Research on named entity recognition of Traditional Chinese Medicine chest discomfort cases incorporating domain vocabulary features

Comput Biol Med. 2023 Sep 9:166:107466. doi: 10.1016/j.compbiomed.2023.107466. Online ahead of print.

Abstract

Objective: To promote research on knowledge extraction and knowledge graph construction of chest discomfort medical cases in Traditional Chinese Medicine (TCM), this paper focuses on their named entity recognition (NER). The recognition task includes six entity types: "syndrome", "symptom", "etiology and pathogenesis", "treatment method", "medication", and "prescription".

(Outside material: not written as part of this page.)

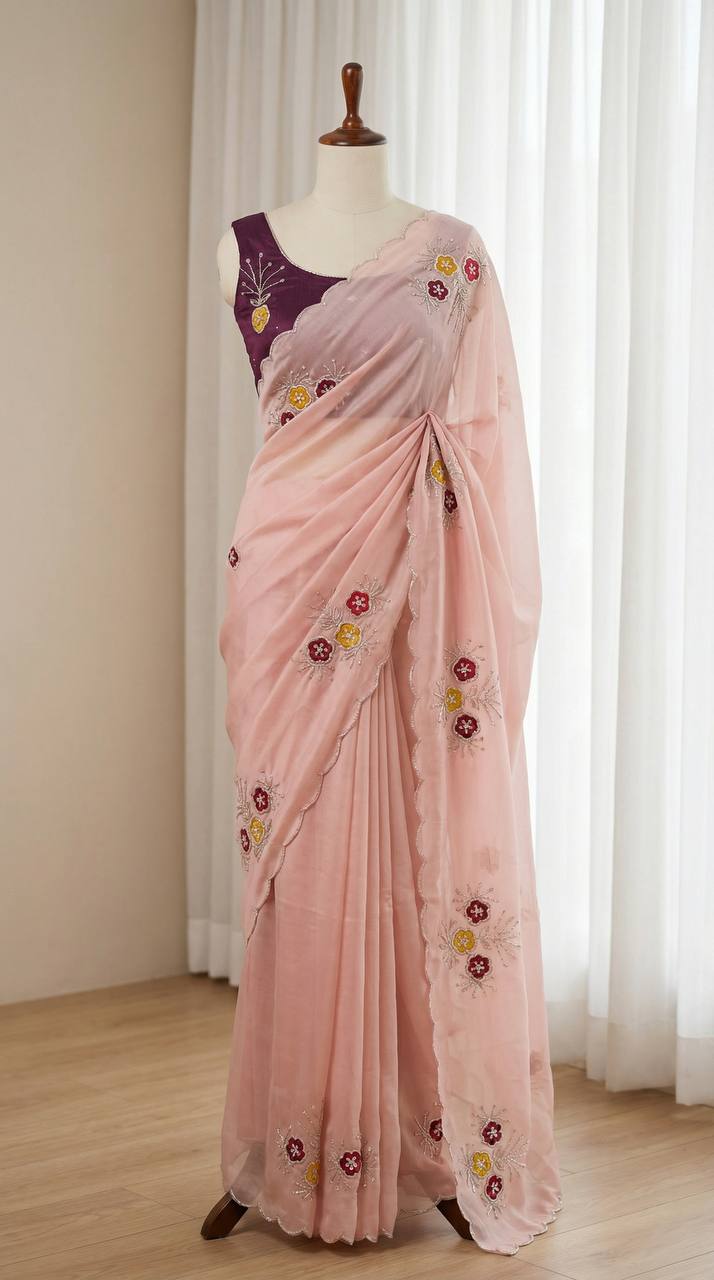 Graceful Baby Pink Soft Rangoli Saree with Handwork Floral Butta & Cutdana Border with Designer Jalpari Blouse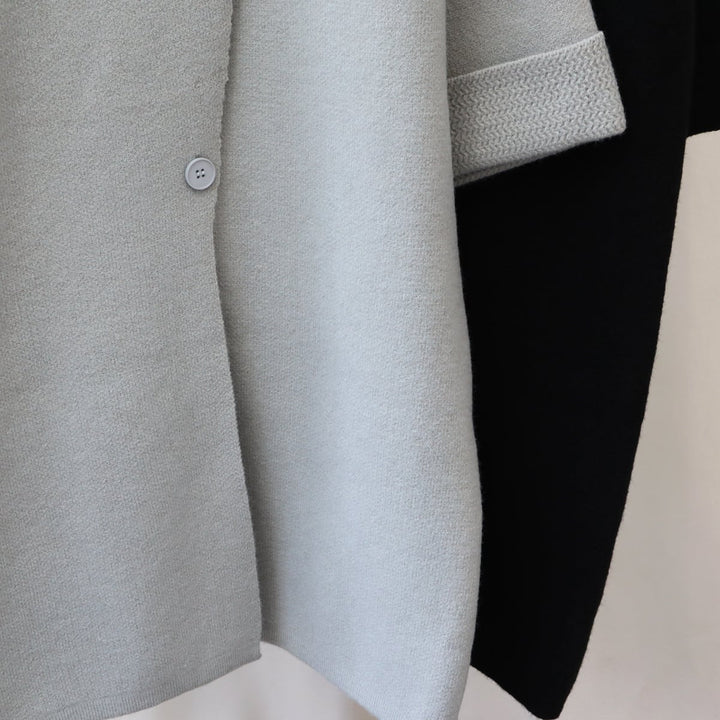【outer】ロング丈ボタンデザインニットカーデ　M18191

Methods: We annotated data in a BIO (B-begin, I-inside, O-outside) manner. For the characteristics of medical case texts, we proposed a custom dictionary method that can be dynamically updated for word segmentation. To compare the effect of the method on the experimental results, we applied the method in the BiLSTM-CRF model and IDCNN-CRF model, respectively.

Results: The models using custom dictionaries (BiLSTM-CRF-Loaded and IDCNN-CRF-Loaded) outperformed the models without custom dictionaries (BiLSTM-CRF and IDCNN-CRF) in accuracy, precision, recall, and F1 score. The BiLSTM-CRF-Loaded model yielded F1 scores of 92.59% and 93.23% on the test set and validation set, respectively, surpassing the BERT-BiLSTM-CRF model by 3.59% and 4.87%. Furthermore, when analyzing the results for the six entity categories separately, we found that the use of custom dictionaries has a marked impact, with the categories of "etiology and pathogenesis" and "syndrome" demonstrating the most noticeable improvements. By comparing the F1 scores, we observed that the entity category "medication" yielded the highest performance, reaching F1 scores of 96.04% and 96.48% on the test set and validation set, respectively.

Conclusion: We propose a word segmentation method based on a dynamically updated custom dictionary. The method is combined with the BILSTM-CRF and the IDCNN-CRF models, which enhances the model to recognize domain-specific terms and new entities. It can be widely applied in dealing with complex text structures and texts containing domain-specific terms.

Keywords: BERT-BiLSTM-CRF; BiLSTM-CRF; Chest discomfort; IDCNN-CRF; Named entity recognition; TCM medical cases.